■ Brief:
Using the data below, reproduce exactly the lines from the line with "May include: A" to the line with "Professional Stainless Steel", both included; pictures must be dropped.

■ Data:
==================================================

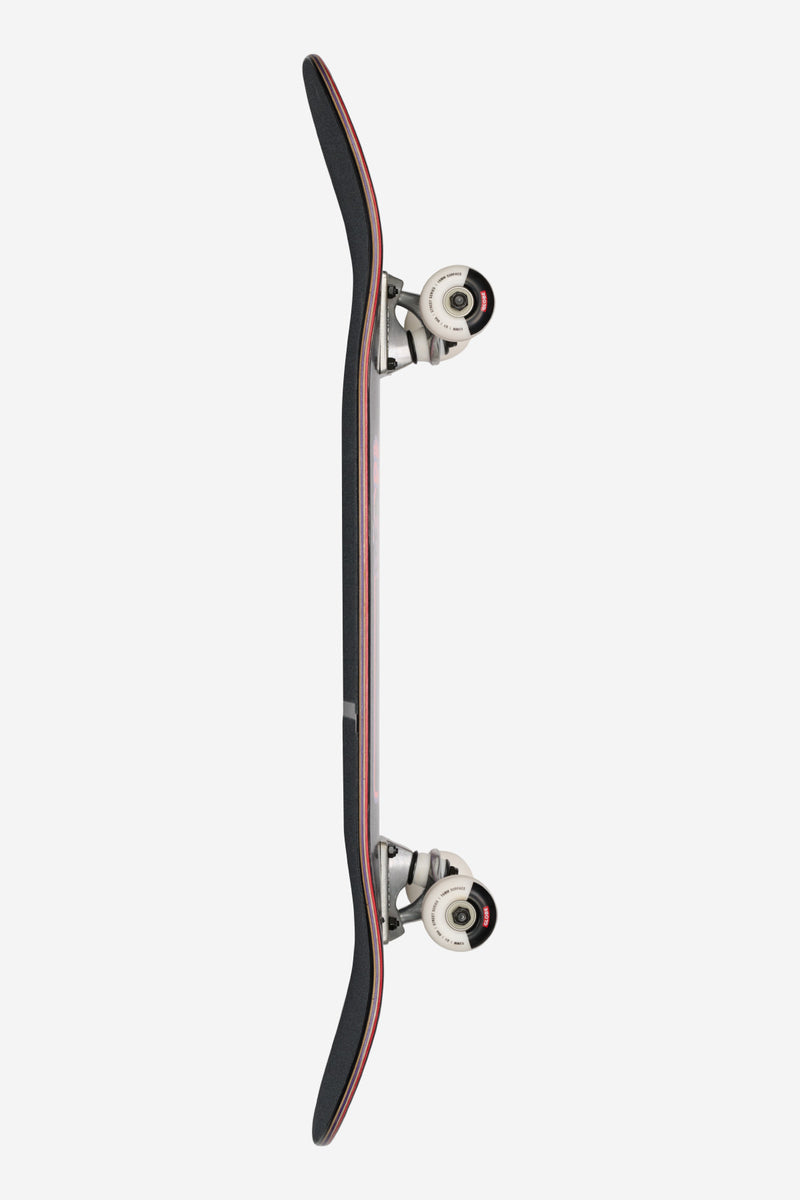 Side view of G1 Master of Chaos Black Cat skateboard showing curved deck and silver trucks with a colorful edge stripe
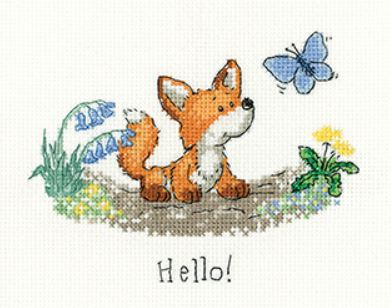 click here to view larger image of Hello! - Little Foxes (counted cross stitch kit)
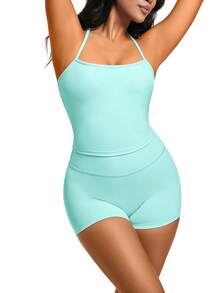 1 Pack Summer Women's Open Back Tracksuit Set Camisole Top High Waist Yoga Shorts Quick Dry Set Is Suitable For Holidays, Travel Work, Sports Wear - Màu xanh ngọc - Xem 6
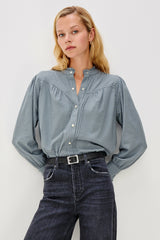 ALANNA SHIRT - STONE BLUE CHECK| Rails sale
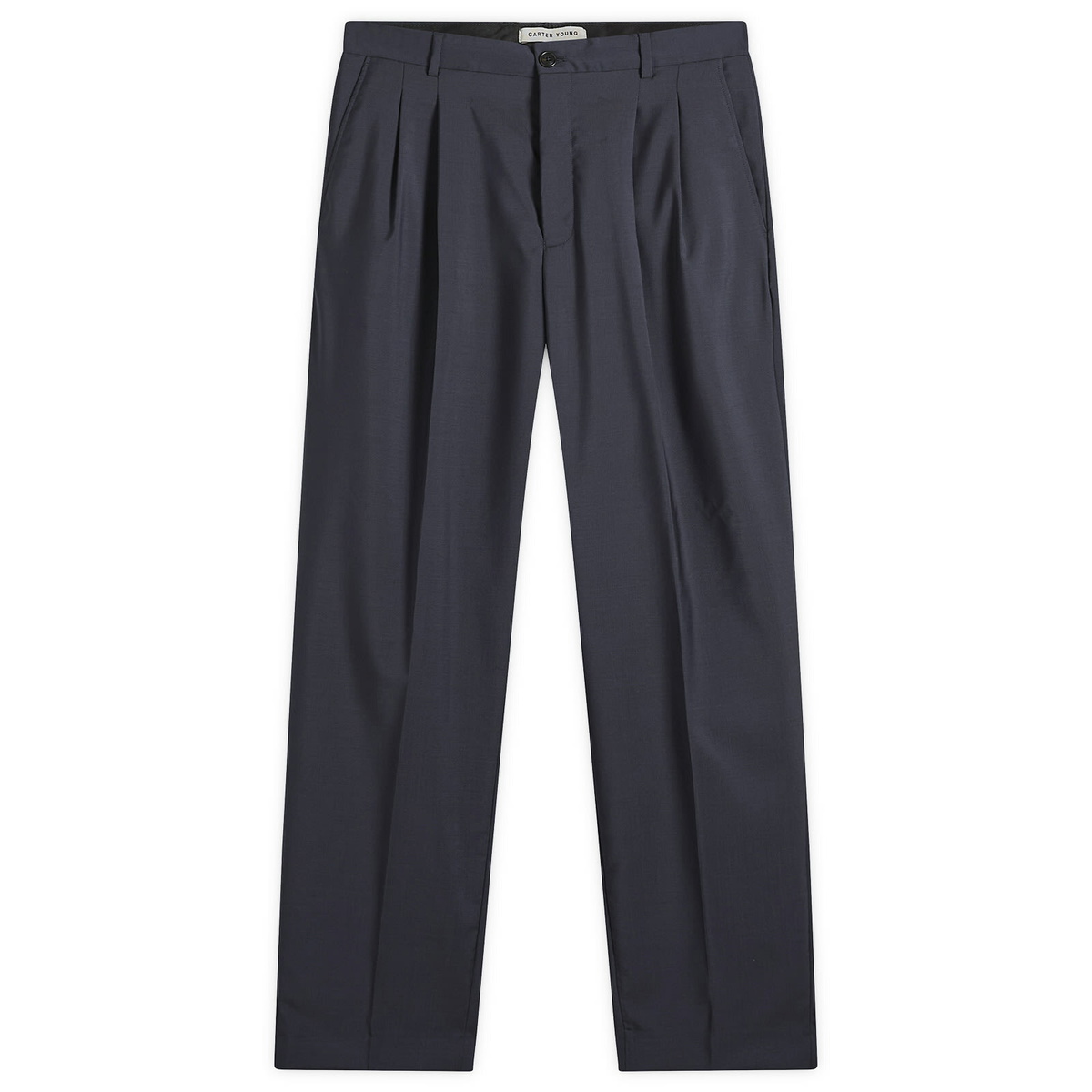 Carter Young Men's Double Pleated Trouser in Midnight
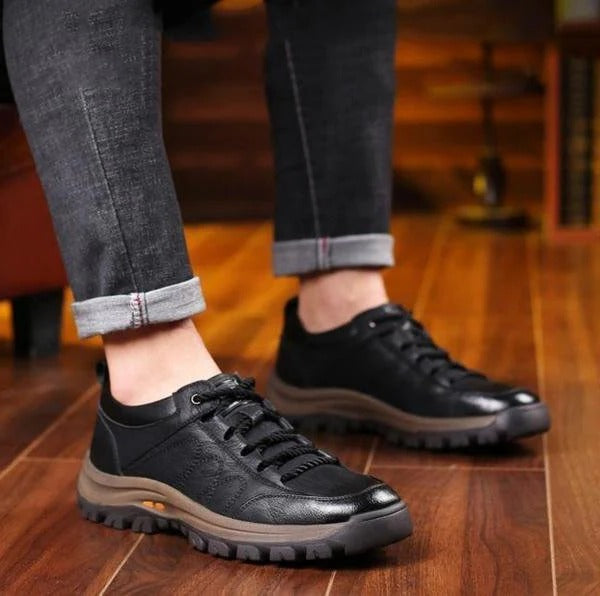 Elevate men's style with these rugged textured low top lace-up casual shoes, built for comfort & durability.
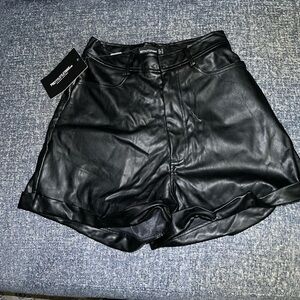 Leather shorts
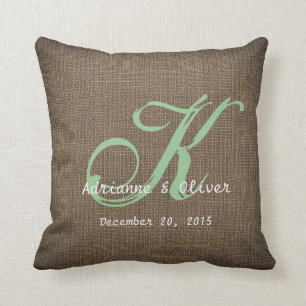 Rustic Country Burlap Wedding Monogram Keepsake Cushion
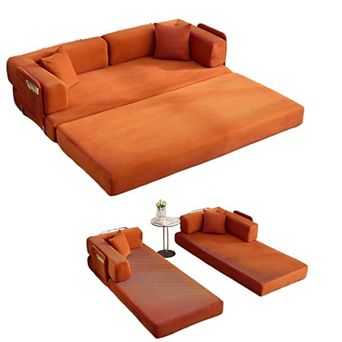 5-in-1 Convertible Floor Sofa to Sleeper Couch - Corduroy Fabric with Fixed Frame and Pillow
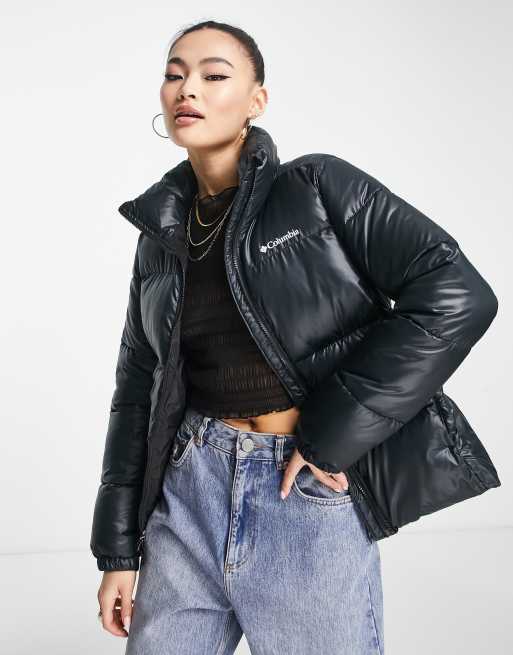 Columbia Puffect cropped puffer jacket in shiny black Exclusive at ASOS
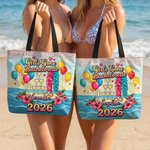 Personalised Girls Gone Bachelorette Sandbeach Large Tote Bag with Name and Year Bachelorette Party Gift for Women Bridesmaids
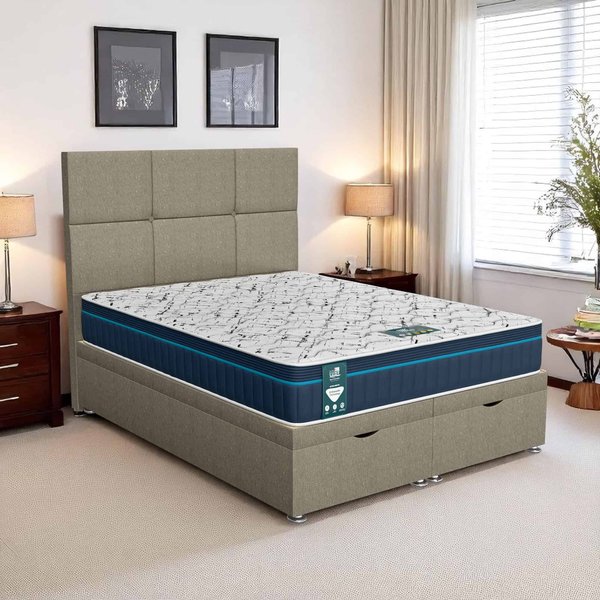Barley Linen Square Panel Ottoman - Barley Linen, Single 90 x 190 cm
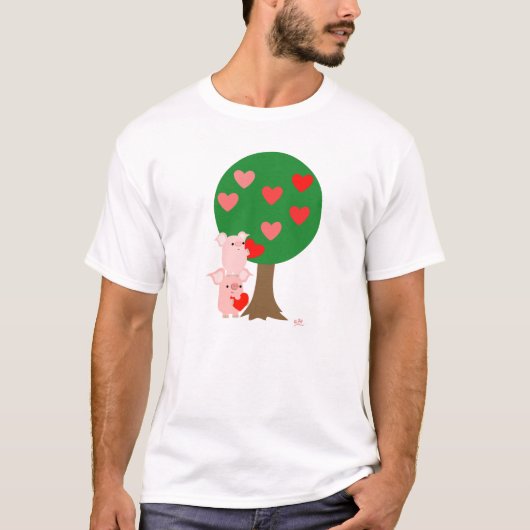 Tree of Love eenvoudig T-shirt (ontwerp op de voor (Voorkant)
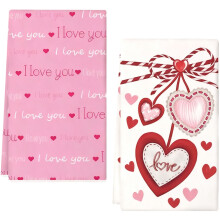 2-Pc Valentine's Kitchen Towels, Absorbent Heart-Print Tea Towels, 23.6"x15.7", for Lovers & Holiday Decor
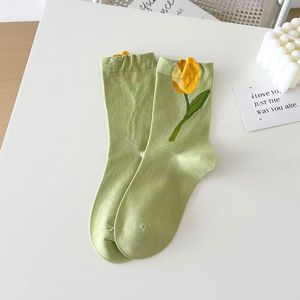 WUYANG FACTORY Hot Sale Spring Summer Thin New Boneless <strong>Socks</strong> Tulips Mid-calf <strong>Socks</strong> Pure Cotton All Season Sweet <strong>Socks</strong> - Product Image 2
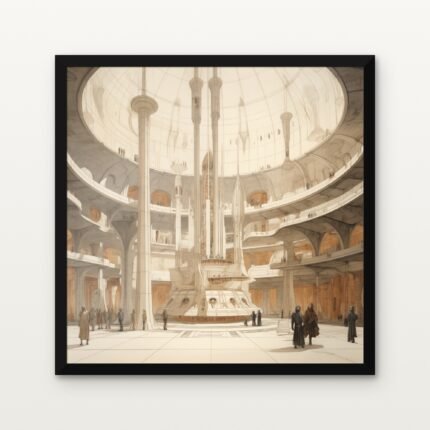 Atrium of the Galactic Archives in Black Classic Frame with Matt paper & Protective Coating - DrawTools
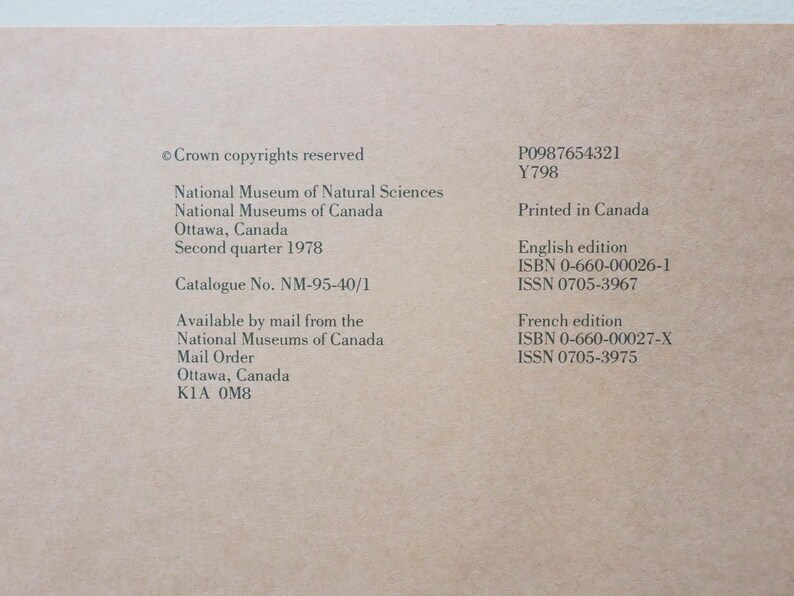 May include: A tan-colored document with black text, including copyright information, catalog details, and ISBN numbers. The text indicates it is from the National Museum of Natural Sciences, Ottawa, Canada, and was printed in Canada.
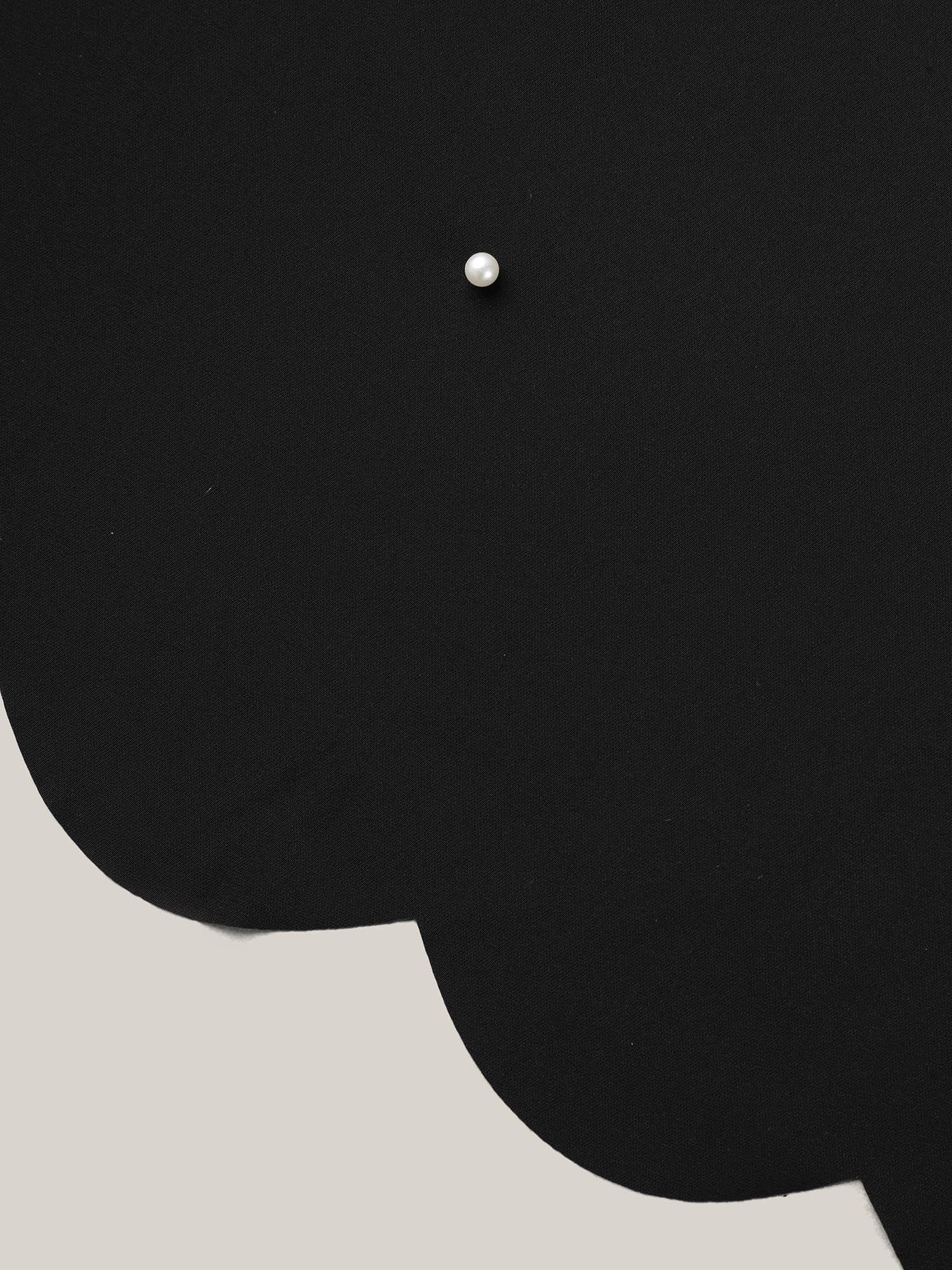 Plus Size Black Beads Embellished Scalloped Hem Shirt Women Elegant Elbow-length sleeve Round Neck Everyday Blouses BloomChic 30/6X 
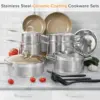 Professional Stainless Steel Induction Cookware Set, Stainless Steel Ceramic Nonstick Pan Set, Impact-bonded Technol 2
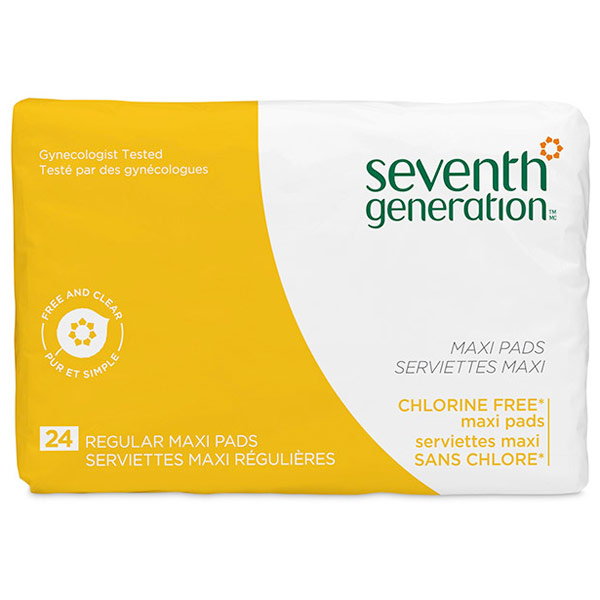 Seventh Generation Chlorine Free Maxi Pads, Regular, 24 ct, Seventh Generation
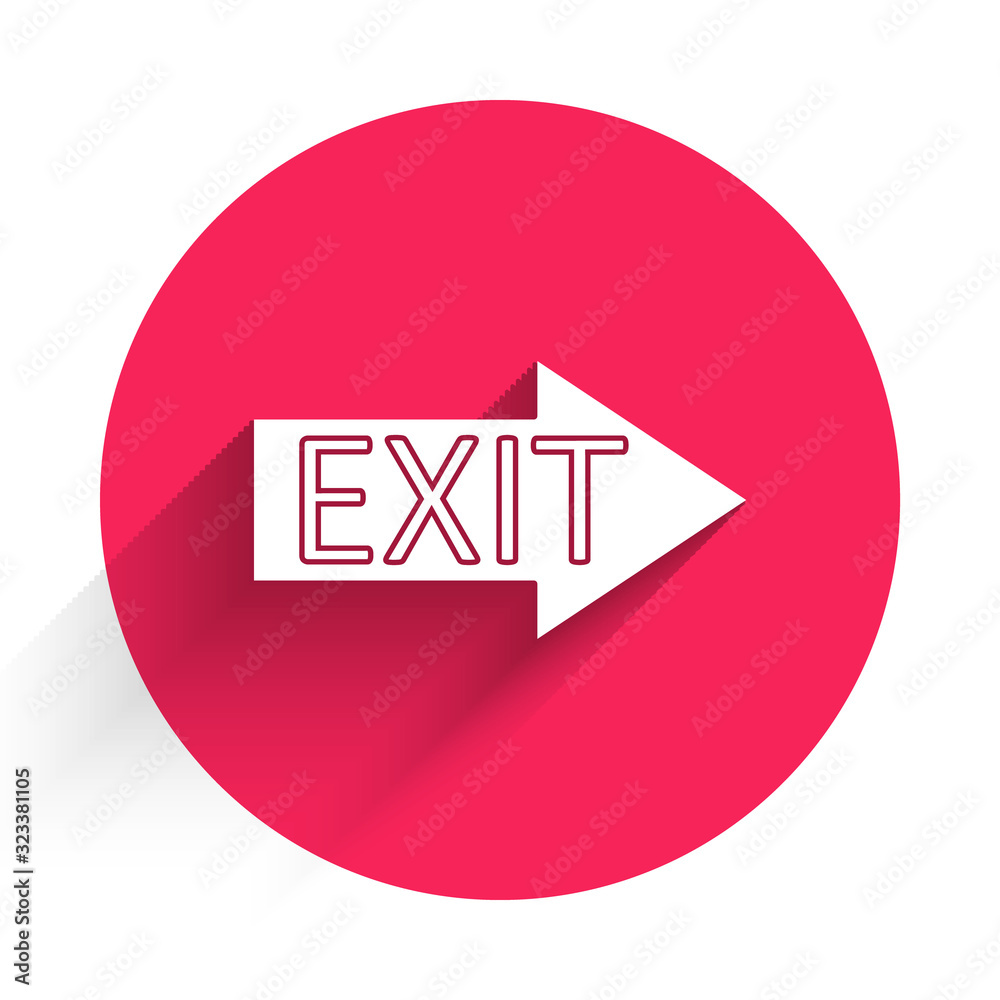 White Fire exit icon isolated with long shadow. Fire emergency icon. Red circle button. Vector Illus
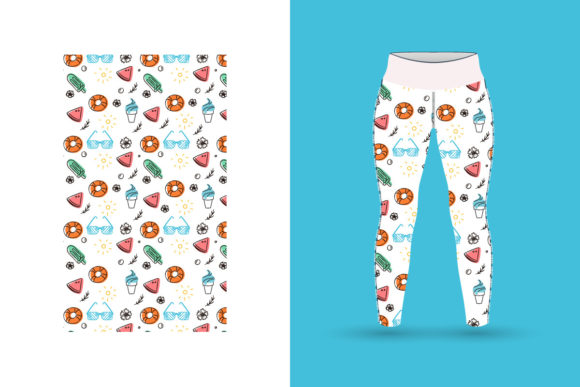 Sea Beach Legging Pattern Design Gráfico Modelos de Impressão Por nobelstation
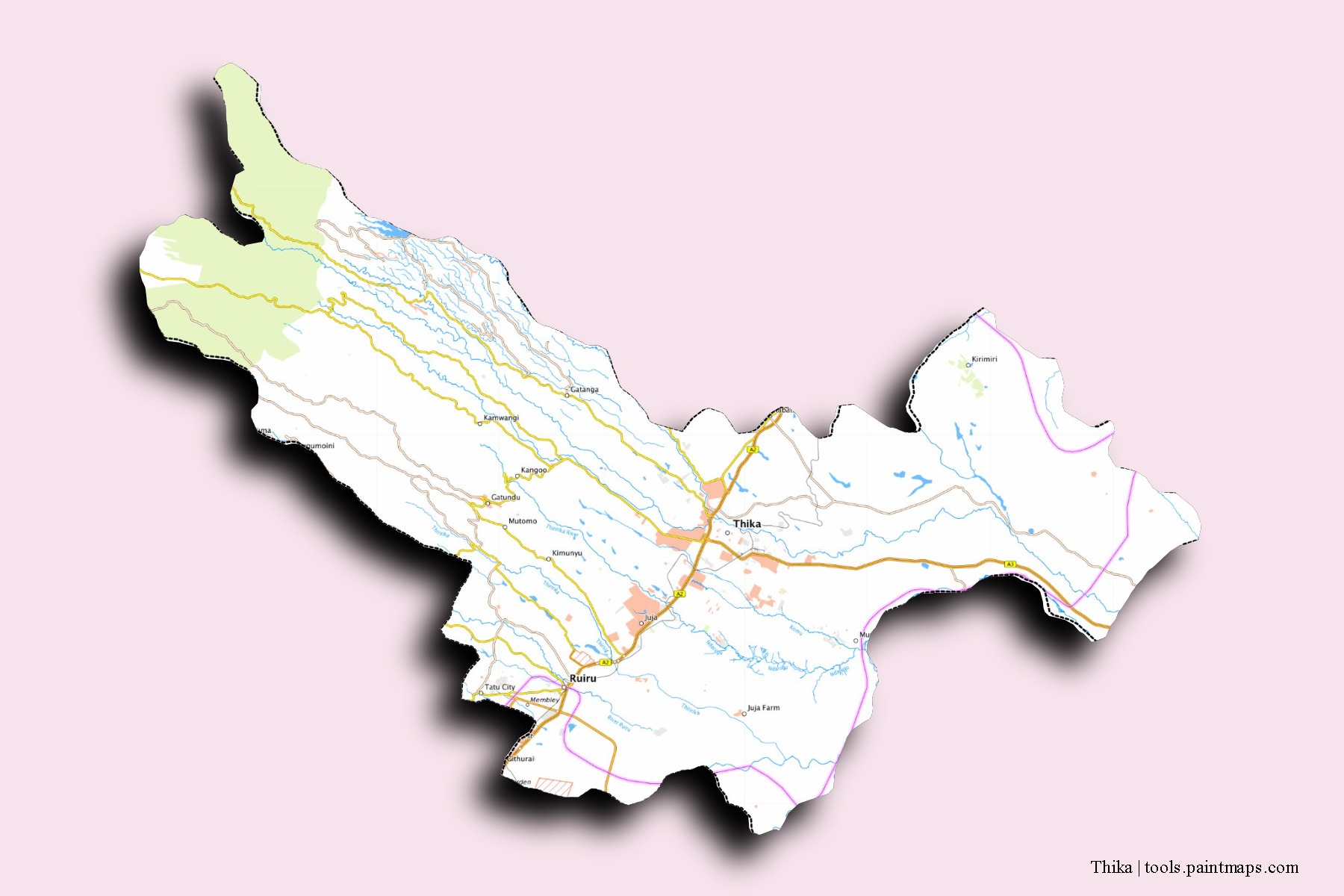 Thika neighborhoods and villages map with 3D shadow effect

==================================================

■ Exercise output:
 May include: A tan-colored document with black text, including copyright information, catalog details, and ISBN numbers. The text indicates it is from the National Museum of Natural Sciences, Ottawa, Canada, and was printed in Canada.
 Plus Size Black Beads Embellished Scalloped Hem Shirt Women Elegant Elbow-length sleeve Round Neck Everyday Blouses BloomChic 30/6X 
 Professional Stainless Steel Induction Cookware Set, Stainless Steel Ceramic Nonstick Pan Set, Impact-bonded Technol 2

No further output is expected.